(What to produce)
With pictures omitted, the line containing "Villetta bifamiliare in" and all later lines of the records below are to be restated word for word.

(Data provided)
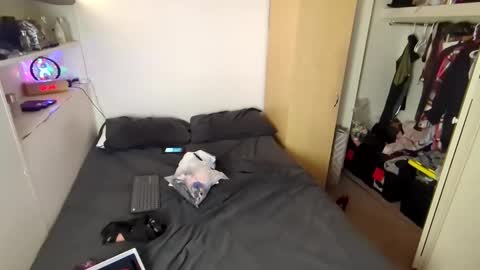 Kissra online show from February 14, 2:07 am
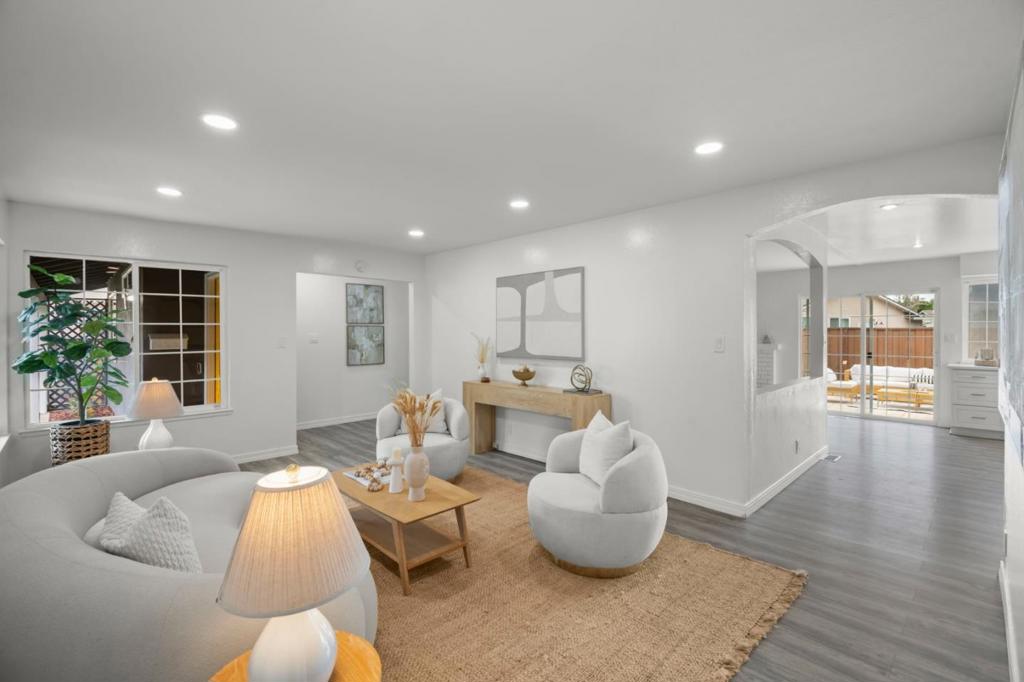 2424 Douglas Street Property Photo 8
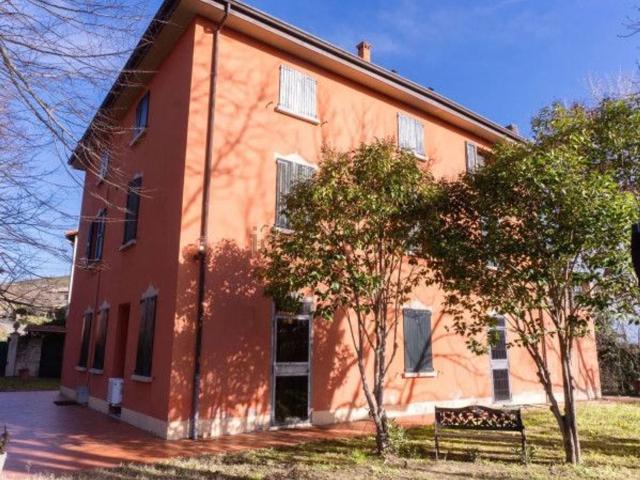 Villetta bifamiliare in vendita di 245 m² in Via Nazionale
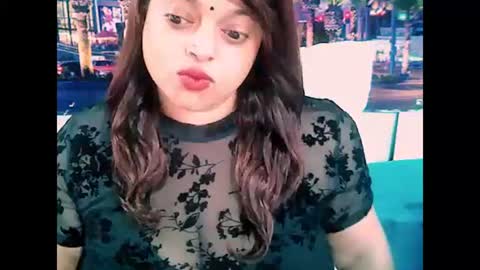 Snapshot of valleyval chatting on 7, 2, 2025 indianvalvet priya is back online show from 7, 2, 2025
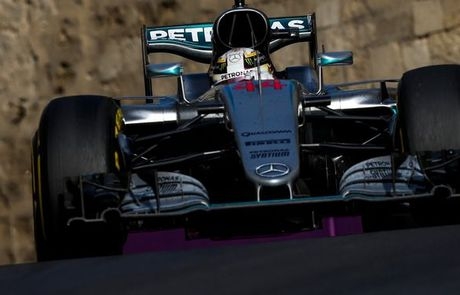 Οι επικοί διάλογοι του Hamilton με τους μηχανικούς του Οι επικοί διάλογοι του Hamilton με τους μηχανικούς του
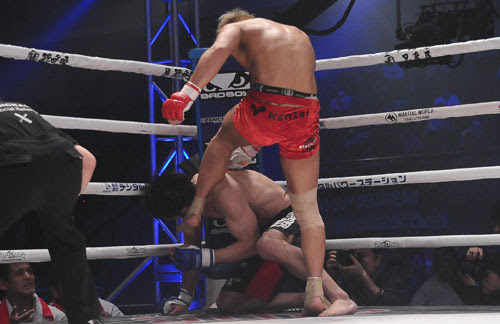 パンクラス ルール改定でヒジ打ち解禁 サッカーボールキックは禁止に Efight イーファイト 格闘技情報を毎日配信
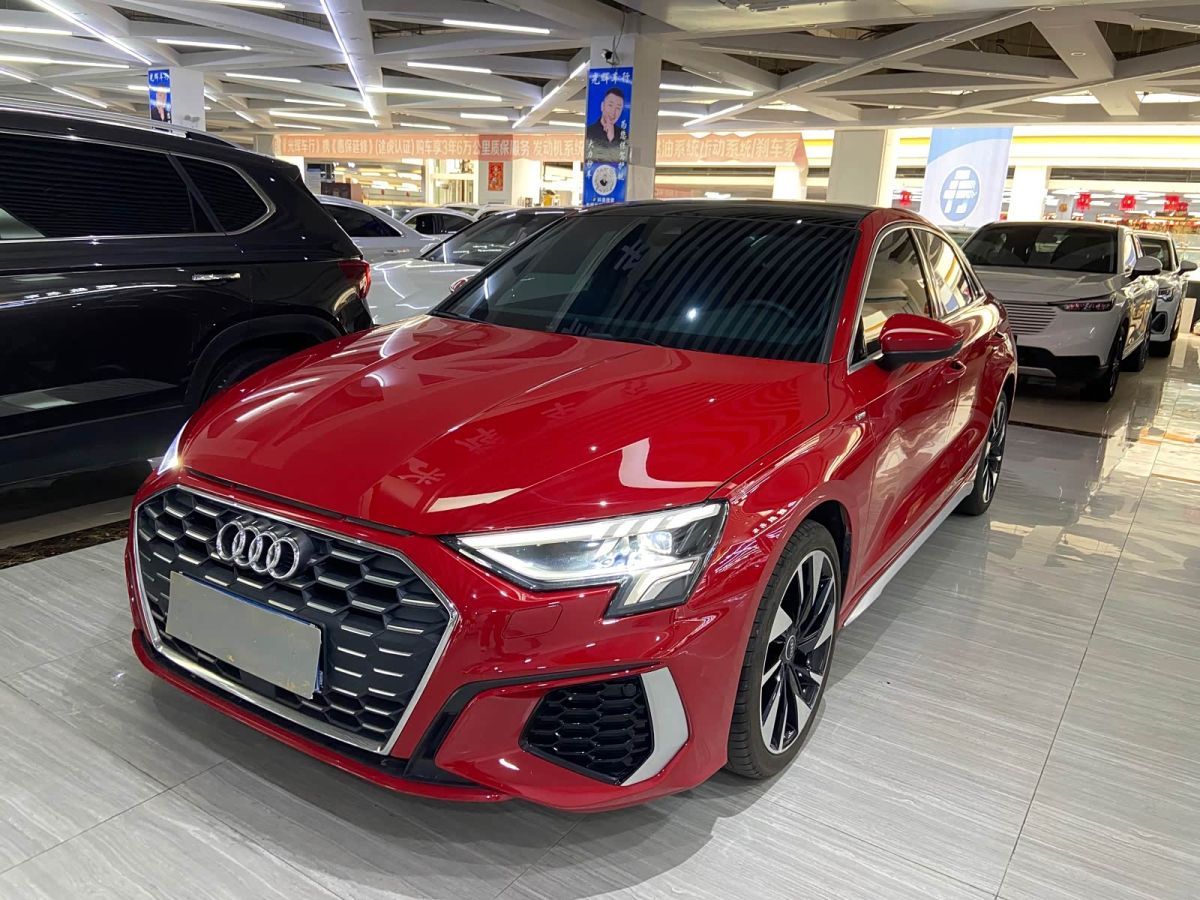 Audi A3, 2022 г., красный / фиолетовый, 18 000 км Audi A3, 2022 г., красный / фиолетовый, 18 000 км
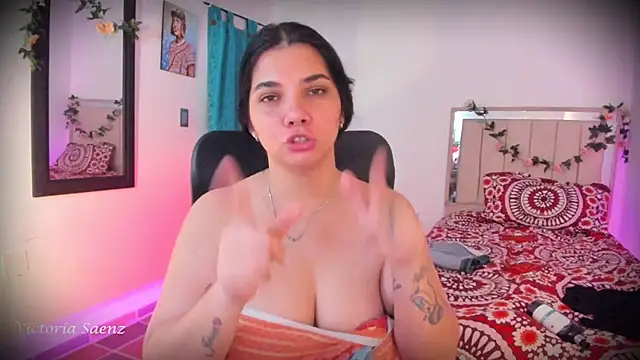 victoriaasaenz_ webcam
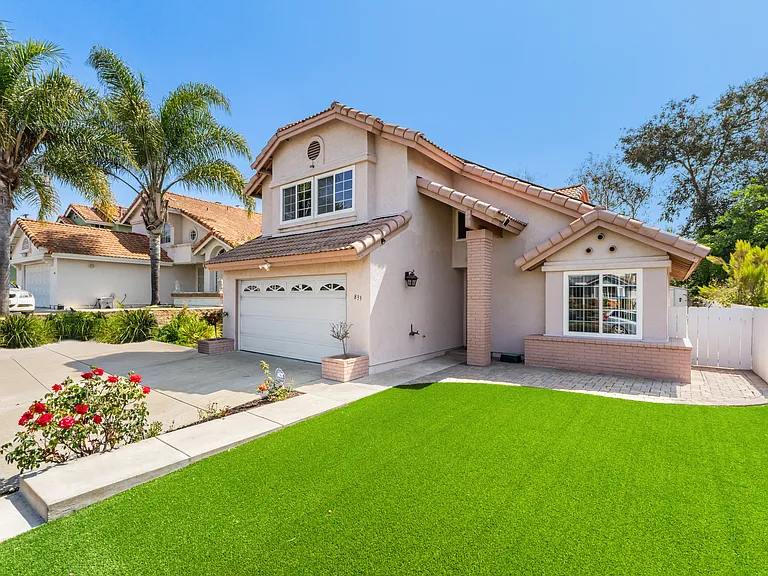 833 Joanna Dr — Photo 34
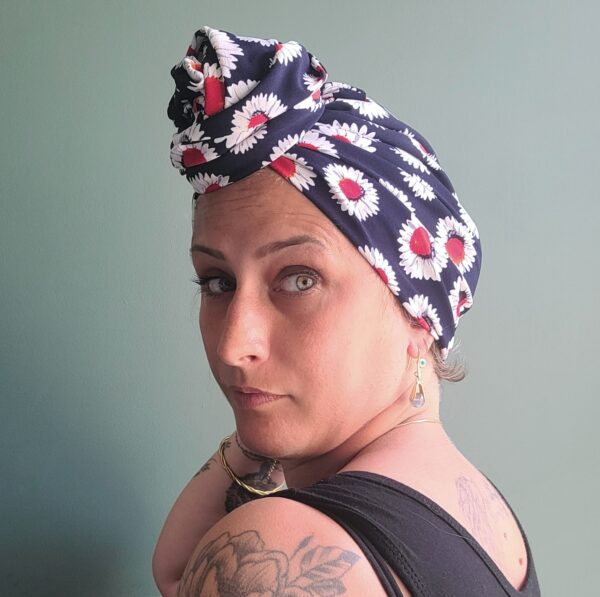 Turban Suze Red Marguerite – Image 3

(Answer to the exercise)
 Villetta bifamiliare in vendita di 245 m² in Via Nazionale
 Snapshot of valleyval chatting on 7, 2, 2025 indianvalvet priya is back online show from 7, 2, 2025
 Οι επικοί διάλογοι του Hamilton με τους μηχανικούς του Οι επικοί διάλογοι του Hamilton με τους μηχανικούς του
 パンクラス ルール改定でヒジ打ち解禁 サッカーボールキックは禁止に Efight イーファイト 格闘技情報を毎日配信
 Audi A3, 2022 г., красный / фиолетовый, 18 000 км Audi A3, 2022 г., красный / фиолетовый, 18 000 км
 victoriaasaenz_ webcam
 833 Joanna Dr — Photo 34
 Turban Suze Red Marguerite – Image 3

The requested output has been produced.